39、レディバグ
暖かな朝陽が窓から差し込み、アデルはその眩さに目を覚ます。シパシパと目を瞬きさせると、アデルは身体に伝わる奇妙な感覚に首を傾げた。
「……リオ」
まるで抱き枕のようにアデルに抱きついて離れる様子が無いリオは、穏やかな表情で眠っている。そんな彼の寝顔を見たことで、アデルは昨夜のことを段々と思い出していった。
結局あれからアデルとメイリーンは部屋の片づけを一通り終えると、リオに倣って就寝することにしたのだ。
何とか身体を起こし、リオから隣のベッドで眠っているメイリーンに視線を移すと、彼女も目を覚ましたようで二人の視線が交錯する。
「おはようございます。アデル様、リオ様」
「おはよう。メイリーン。よく眠れたであるか?」
「はい」
慣れない環境下だと眠れないことがあるが、メイリーンにはあの鳥かごの中で一年間も過ごした経験がある。今更どうということも無かったようだ。
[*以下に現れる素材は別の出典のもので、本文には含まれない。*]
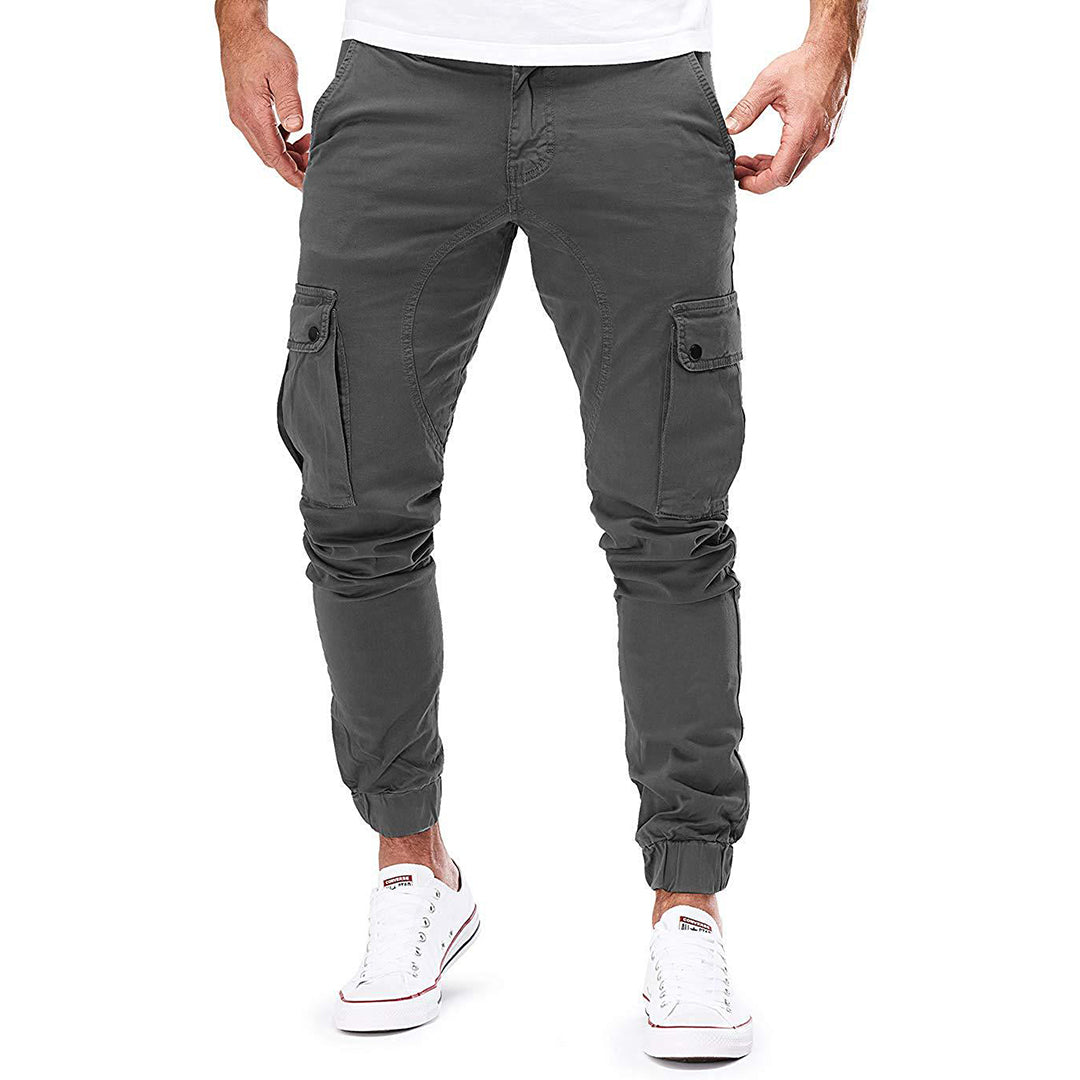 Graue Herren-Cargohose, Baumwolle, Taschen, sportlich, modisch, bequem, Freizeitkleidung.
「んぅ……アデルんの胸筋が離れて行ってしまうぅ……」
「……リオ。いい加減起きるのだ」
寝ている間はアデルの見事な胸筋に、そして今は縋る様に彼のシックスパックに顔を埋めているリオに、彼は呆れのような声を漏らした。
「むぅ……アデルんが起こしてぇ……抱っこぉ……」
「仕方が無いであるな」
「やってあげるんですね……」
アデルは軽々とリオの身体を抱えると、あっさりとベッドから降りた。リオの我が儘を嫌な顔一つせずに聞いてやったアデルに、メイリーンは苦笑いを向けてしまう。
「んふふ……アデルん優しい……大好きよ……」
「……そうか。感謝する」
アデルの身体にしがみつきながら、蕩けてしまいそうな笑みを浮かべたリオに、彼は一瞬虚を突かれた。唐突に告げられたその好意に、簡素な礼でしか返せない程度に。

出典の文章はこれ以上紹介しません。